Por entonces ya conocía unos pocos trucos sobre cómo venderme a mí misma, especialmente ante los tíos.
Le telefoneé al día siguiente y le informé de inmediato:
—Hola, me llamo Jenna Jameson. Realmente me encantaría aparecer en una de tus películas.
No me colgó.
—Sé quién eres —replicó—. He visto una de tus sesiones fotográficas.
De todos modos, le resumí mi experiencia.
—Te propondré una cosa —advirtió por fin—. Filmaré con Kaylan, Nicole, Celeste y Julia Ann dentro de un par de semanas. Quizá haya algo en lo que te agrade participar.
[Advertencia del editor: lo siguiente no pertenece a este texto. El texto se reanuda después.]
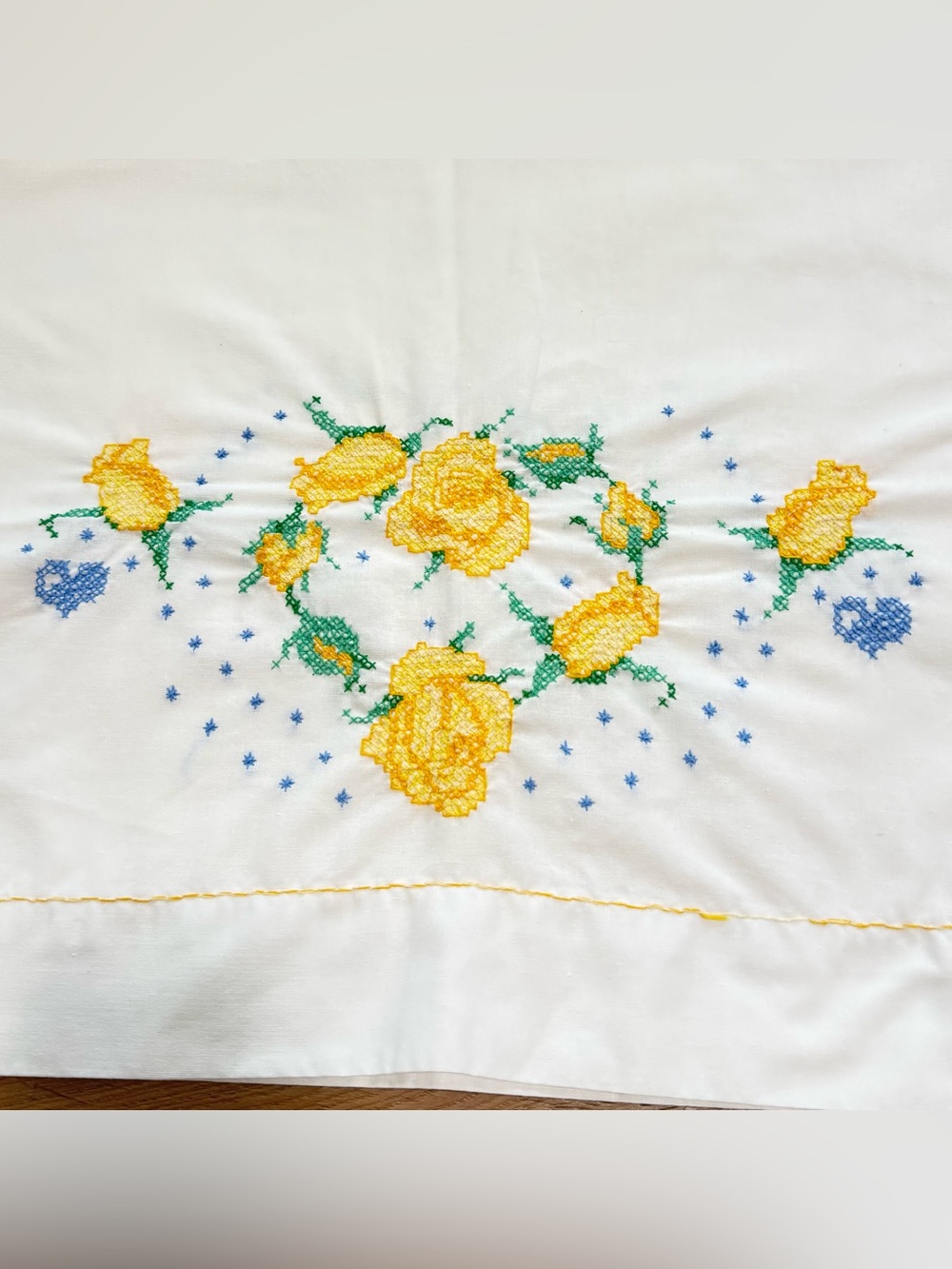 2 Vintage Cross Stitch Pillowcases Queen 31.5x19.5 Blue Hearts Floral Cottage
Yo era tan ambiciosa que, en realidad, me sentí decepcionada. Al escuchar los nombres de esas destacadas modelos, comprendí que no sería la estrella.
—Vale —aseguré—. Cuenta conmigo.
—¿Estás dispuesta a hacer una escena de dos chicas?
Eso no me molestaba en absoluto. Lo único que no deseaba era tener que intimar con alguna drogadicta perdida. De modo que sugerí:
—¿Podré escoger a la chica?
—¿A quién tienes en mente?
Yo sabía con exactitud a quién quería: Nikki Tyler.
—Déjame analizar la cuestión —dijo—, y te telefonearé.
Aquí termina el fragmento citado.